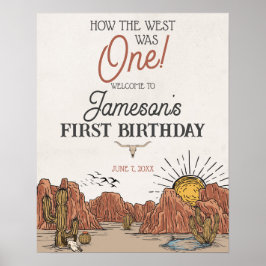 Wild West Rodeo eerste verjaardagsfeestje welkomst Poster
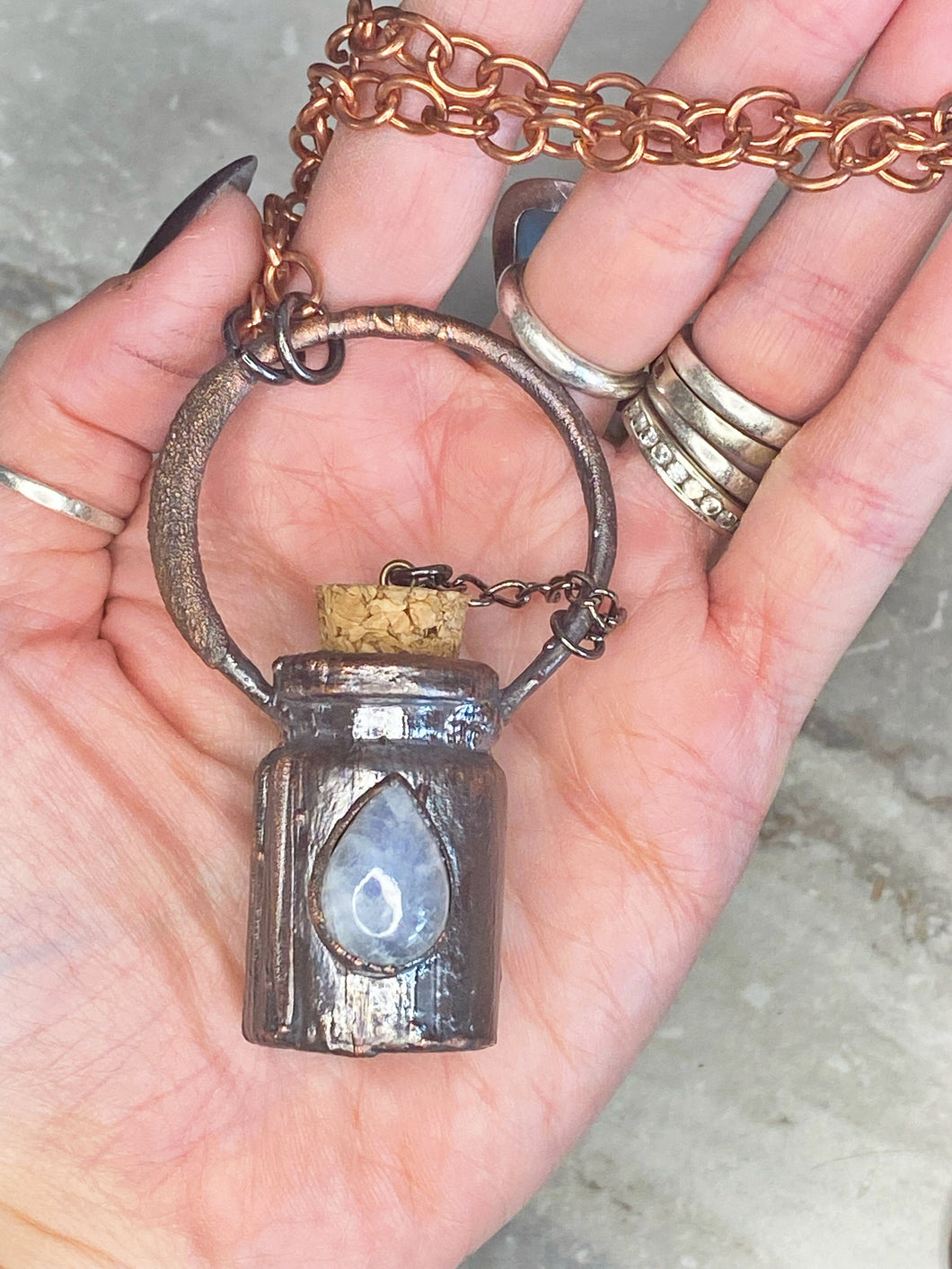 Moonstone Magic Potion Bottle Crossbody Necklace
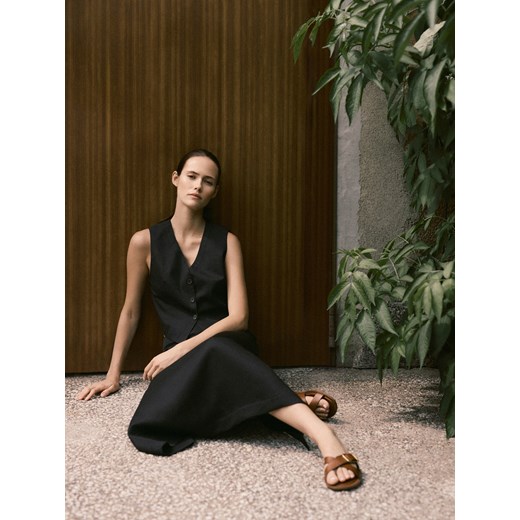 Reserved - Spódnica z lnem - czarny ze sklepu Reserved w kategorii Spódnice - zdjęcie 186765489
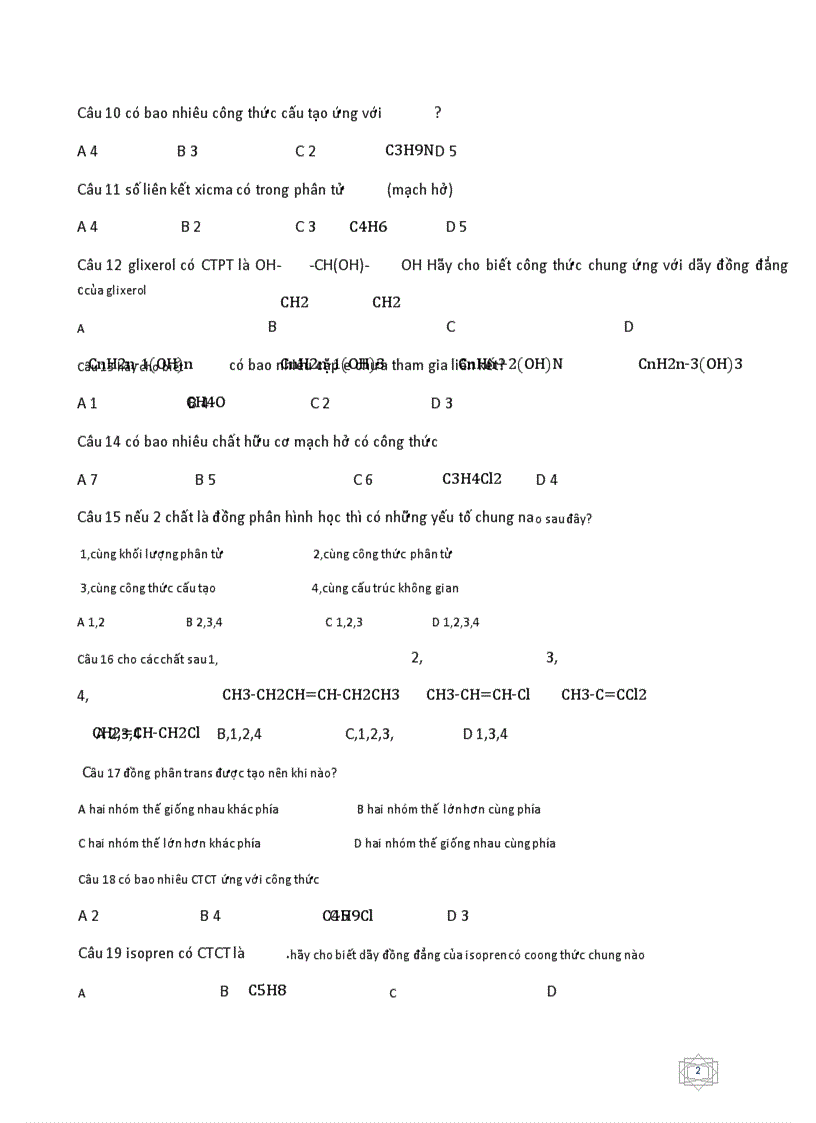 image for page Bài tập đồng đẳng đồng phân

^^^^^^^^

An exact restatement is expected of the lines from the line containing "Moonstone Magic Potion" to the end of the data above, pictures excluded.

 Moonstone Magic Potion Bottle Crossbody Necklace
 Reserved - Spódnica z lnem - czarny ze sklepu Reserved w kategorii Spódnice - zdjęcie 186765489
 image for page Bài tập đồng đẳng đồng phân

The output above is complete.